[Work order]
Word for word, transcribe the data below from the line with "Sophie Conran Grey" to the line with "Finished basement (Optional $) of", keeping both of those lines.

═══ Data supplied ═══

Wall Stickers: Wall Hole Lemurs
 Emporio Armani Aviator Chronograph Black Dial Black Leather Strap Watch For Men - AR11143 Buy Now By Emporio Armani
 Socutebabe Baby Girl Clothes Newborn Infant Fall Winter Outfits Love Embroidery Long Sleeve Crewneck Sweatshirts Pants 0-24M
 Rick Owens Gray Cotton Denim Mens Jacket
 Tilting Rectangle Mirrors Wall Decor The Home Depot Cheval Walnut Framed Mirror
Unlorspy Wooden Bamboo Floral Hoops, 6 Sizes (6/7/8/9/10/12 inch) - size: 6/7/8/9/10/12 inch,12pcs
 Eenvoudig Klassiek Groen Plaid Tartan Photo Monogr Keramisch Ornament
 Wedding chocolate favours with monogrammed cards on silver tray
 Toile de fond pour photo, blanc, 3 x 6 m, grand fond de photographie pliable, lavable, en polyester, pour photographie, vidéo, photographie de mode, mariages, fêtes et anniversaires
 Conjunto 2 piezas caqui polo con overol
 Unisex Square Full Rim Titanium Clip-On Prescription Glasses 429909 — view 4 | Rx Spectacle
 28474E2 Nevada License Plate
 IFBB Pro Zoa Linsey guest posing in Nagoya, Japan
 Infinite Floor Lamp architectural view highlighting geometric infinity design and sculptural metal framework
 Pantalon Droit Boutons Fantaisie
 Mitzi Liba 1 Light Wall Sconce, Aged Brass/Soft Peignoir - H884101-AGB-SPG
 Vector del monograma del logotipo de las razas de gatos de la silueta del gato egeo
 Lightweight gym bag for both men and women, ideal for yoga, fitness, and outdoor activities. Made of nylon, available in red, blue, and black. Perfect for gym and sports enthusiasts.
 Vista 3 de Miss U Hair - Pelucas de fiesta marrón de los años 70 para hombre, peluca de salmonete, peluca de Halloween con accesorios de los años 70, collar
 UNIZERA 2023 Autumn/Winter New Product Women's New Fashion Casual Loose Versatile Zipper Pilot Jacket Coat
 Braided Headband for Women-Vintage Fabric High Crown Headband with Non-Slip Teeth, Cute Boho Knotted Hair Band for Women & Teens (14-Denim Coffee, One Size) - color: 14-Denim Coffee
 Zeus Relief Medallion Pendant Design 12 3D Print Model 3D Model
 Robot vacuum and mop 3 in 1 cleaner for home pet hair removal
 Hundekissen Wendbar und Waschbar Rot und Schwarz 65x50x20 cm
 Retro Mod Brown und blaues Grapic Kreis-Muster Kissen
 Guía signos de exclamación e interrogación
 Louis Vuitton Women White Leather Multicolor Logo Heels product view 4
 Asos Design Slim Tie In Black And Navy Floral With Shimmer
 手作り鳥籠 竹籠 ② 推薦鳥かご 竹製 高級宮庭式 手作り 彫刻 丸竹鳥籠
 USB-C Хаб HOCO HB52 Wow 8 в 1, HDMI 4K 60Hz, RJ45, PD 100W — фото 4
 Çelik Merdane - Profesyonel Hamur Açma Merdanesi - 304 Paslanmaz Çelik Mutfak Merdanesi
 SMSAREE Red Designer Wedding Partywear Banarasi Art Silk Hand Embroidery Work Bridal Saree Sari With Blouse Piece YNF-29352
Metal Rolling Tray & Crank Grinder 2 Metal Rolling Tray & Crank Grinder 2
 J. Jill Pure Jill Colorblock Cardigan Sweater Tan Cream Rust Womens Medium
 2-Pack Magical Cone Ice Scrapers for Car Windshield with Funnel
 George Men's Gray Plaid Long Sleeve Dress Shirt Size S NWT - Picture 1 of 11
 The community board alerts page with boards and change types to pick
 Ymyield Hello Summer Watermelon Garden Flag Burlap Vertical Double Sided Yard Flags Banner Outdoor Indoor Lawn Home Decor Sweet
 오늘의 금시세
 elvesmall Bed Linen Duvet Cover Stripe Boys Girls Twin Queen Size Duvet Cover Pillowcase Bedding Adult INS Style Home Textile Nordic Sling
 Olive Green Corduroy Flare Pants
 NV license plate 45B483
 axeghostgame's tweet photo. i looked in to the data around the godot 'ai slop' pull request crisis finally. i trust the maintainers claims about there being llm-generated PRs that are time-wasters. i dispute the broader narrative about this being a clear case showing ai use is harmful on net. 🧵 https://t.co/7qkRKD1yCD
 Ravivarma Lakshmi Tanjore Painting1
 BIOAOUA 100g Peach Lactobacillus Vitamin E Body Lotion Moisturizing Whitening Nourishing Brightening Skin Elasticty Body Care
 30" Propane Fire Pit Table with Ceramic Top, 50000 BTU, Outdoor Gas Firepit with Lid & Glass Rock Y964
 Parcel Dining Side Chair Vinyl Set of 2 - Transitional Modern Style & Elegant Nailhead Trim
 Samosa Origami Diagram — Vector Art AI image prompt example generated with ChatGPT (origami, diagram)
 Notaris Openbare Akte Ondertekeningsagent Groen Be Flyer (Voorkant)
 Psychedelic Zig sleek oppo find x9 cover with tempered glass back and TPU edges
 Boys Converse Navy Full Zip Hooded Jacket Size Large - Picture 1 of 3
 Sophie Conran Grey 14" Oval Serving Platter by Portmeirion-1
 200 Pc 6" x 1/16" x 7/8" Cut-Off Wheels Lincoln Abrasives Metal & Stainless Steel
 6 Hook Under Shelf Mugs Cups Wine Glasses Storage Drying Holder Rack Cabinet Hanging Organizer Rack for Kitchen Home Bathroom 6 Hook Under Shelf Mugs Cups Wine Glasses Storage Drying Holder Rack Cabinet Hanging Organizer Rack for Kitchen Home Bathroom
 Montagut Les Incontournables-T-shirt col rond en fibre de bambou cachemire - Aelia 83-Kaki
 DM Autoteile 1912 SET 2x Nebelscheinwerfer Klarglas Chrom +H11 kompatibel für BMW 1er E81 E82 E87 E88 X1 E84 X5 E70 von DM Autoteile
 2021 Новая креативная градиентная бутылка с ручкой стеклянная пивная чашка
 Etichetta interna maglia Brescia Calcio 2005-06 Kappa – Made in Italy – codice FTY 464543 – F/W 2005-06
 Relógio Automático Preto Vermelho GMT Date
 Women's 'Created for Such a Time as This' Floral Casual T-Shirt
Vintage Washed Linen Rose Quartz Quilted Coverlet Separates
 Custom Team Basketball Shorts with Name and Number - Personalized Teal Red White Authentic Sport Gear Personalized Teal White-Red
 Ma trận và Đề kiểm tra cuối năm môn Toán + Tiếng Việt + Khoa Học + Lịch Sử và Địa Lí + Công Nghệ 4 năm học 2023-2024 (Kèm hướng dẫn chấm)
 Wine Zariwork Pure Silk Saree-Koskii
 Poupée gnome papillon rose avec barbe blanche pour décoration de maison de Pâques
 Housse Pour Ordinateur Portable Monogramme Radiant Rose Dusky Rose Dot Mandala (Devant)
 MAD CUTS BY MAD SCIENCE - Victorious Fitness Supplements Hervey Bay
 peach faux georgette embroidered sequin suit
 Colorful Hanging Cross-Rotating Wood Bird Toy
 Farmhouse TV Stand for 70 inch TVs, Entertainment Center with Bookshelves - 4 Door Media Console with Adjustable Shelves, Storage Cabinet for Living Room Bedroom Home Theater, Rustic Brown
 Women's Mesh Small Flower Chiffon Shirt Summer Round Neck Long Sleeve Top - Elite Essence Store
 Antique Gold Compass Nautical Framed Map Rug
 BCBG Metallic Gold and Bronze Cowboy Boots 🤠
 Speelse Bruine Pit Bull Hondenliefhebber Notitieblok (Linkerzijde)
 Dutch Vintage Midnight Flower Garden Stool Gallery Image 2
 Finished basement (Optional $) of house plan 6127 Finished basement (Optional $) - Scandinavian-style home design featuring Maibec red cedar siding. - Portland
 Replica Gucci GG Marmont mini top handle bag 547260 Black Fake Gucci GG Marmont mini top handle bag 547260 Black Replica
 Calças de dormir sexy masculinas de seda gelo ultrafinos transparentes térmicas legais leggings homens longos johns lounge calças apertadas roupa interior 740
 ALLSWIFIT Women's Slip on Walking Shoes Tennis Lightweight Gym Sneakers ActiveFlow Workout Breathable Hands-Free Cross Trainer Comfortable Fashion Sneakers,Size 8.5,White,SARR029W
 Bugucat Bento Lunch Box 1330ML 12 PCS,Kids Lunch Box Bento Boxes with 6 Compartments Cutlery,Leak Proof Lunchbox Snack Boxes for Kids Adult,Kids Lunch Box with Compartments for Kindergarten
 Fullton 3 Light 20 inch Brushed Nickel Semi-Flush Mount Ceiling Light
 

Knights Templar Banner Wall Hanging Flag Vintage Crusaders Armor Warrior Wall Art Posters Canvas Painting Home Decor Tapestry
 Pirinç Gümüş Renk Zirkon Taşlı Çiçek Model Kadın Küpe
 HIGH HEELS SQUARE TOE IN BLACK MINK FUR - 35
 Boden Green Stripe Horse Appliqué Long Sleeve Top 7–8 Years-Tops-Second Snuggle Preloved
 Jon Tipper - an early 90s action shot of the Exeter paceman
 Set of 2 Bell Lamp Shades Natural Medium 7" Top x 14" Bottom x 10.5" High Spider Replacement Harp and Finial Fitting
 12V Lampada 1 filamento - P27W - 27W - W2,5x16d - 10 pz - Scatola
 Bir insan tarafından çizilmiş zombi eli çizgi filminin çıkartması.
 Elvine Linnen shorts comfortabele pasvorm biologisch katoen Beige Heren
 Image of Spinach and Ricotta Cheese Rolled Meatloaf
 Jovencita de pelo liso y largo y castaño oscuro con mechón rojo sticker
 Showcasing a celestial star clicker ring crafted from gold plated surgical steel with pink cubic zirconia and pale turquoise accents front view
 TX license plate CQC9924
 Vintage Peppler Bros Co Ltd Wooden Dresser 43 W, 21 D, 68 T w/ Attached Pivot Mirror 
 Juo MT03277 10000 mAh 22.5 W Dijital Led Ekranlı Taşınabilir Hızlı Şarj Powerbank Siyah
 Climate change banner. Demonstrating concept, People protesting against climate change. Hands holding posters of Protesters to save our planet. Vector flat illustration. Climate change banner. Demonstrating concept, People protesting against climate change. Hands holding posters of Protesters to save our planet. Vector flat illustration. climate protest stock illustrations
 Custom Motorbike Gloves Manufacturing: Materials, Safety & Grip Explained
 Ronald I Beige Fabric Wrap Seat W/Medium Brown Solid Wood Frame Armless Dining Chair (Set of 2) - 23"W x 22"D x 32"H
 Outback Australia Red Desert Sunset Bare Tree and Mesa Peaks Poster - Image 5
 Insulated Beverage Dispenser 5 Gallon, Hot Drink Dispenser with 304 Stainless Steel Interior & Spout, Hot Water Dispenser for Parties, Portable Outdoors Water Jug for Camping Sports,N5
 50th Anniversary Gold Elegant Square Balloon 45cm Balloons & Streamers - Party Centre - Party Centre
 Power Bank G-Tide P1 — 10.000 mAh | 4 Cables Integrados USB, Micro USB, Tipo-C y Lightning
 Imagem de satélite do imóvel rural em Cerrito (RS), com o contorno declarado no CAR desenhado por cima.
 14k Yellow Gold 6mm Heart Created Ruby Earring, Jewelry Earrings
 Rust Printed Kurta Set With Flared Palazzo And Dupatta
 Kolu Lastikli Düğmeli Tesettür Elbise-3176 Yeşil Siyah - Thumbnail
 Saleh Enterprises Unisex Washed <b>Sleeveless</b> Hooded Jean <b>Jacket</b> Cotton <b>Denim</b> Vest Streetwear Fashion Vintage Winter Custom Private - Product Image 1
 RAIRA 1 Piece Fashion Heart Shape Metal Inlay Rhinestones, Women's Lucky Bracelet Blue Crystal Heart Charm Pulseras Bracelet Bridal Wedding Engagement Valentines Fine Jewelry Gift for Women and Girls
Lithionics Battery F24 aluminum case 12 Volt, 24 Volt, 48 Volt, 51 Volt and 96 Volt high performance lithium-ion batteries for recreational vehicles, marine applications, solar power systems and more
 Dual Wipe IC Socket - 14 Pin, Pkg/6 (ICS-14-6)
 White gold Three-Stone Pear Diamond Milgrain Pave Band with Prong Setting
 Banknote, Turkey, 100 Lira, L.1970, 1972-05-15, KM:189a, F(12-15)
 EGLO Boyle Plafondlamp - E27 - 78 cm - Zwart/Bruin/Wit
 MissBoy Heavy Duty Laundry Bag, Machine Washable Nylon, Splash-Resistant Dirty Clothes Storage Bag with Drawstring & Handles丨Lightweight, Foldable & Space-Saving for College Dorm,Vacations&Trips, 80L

═══

[Task result]
 Sophie Conran Grey 14" Oval Serving Platter by Portmeirion-1
 200 Pc 6" x 1/16" x 7/8" Cut-Off Wheels Lincoln Abrasives Metal & Stainless Steel
 6 Hook Under Shelf Mugs Cups Wine Glasses Storage Drying Holder Rack Cabinet Hanging Organizer Rack for Kitchen Home Bathroom 6 Hook Under Shelf Mugs Cups Wine Glasses Storage Drying Holder Rack Cabinet Hanging Organizer Rack for Kitchen Home Bathroom
 Montagut Les Incontournables-T-shirt col rond en fibre de bambou cachemire - Aelia 83-Kaki
 DM Autoteile 1912 SET 2x Nebelscheinwerfer Klarglas Chrom +H11 kompatibel für BMW 1er E81 E82 E87 E88 X1 E84 X5 E70 von DM Autoteile
 2021 Новая креативная градиентная бутылка с ручкой стеклянная пивная чашка
 Etichetta interna maglia Brescia Calcio 2005-06 Kappa – Made in Italy – codice FTY 464543 – F/W 2005-06
 Relógio Automático Preto Vermelho GMT Date
 Women's 'Created for Such a Time as This' Floral Casual T-Shirt
Vintage Washed Linen Rose Quartz Quilted Coverlet Separates
 Custom Team Basketball Shorts with Name and Number - Personalized Teal Red White Authentic Sport Gear Personalized Teal White-Red
 Ma trận và Đề kiểm tra cuối năm môn Toán + Tiếng Việt + Khoa Học + Lịch Sử và Địa Lí + Công Nghệ 4 năm học 2023-2024 (Kèm hướng dẫn chấm)
 Wine Zariwork Pure Silk Saree-Koskii
 Poupée gnome papillon rose avec barbe blanche pour décoration de maison de Pâques
 Housse Pour Ordinateur Portable Monogramme Radiant Rose Dusky Rose Dot Mandala (Devant)
 MAD CUTS BY MAD SCIENCE - Victorious Fitness Supplements Hervey Bay
 peach faux georgette embroidered sequin suit
 Colorful Hanging Cross-Rotating Wood Bird Toy
 Farmhouse TV Stand for 70 inch TVs, Entertainment Center with Bookshelves - 4 Door Media Console with Adjustable Shelves, Storage Cabinet for Living Room Bedroom Home Theater, Rustic Brown
 Women's Mesh Small Flower Chiffon Shirt Summer Round Neck Long Sleeve Top - Elite Essence Store
 Antique Gold Compass Nautical Framed Map Rug
 BCBG Metallic Gold and Bronze Cowboy Boots 🤠
 Speelse Bruine Pit Bull Hondenliefhebber Notitieblok (Linkerzijde)
 Dutch Vintage Midnight Flower Garden Stool Gallery Image 2
 Finished basement (Optional $) of house plan 6127 Finished basement (Optional $) - Scandinavian-style home design featuring Maibec red cedar siding. - Portland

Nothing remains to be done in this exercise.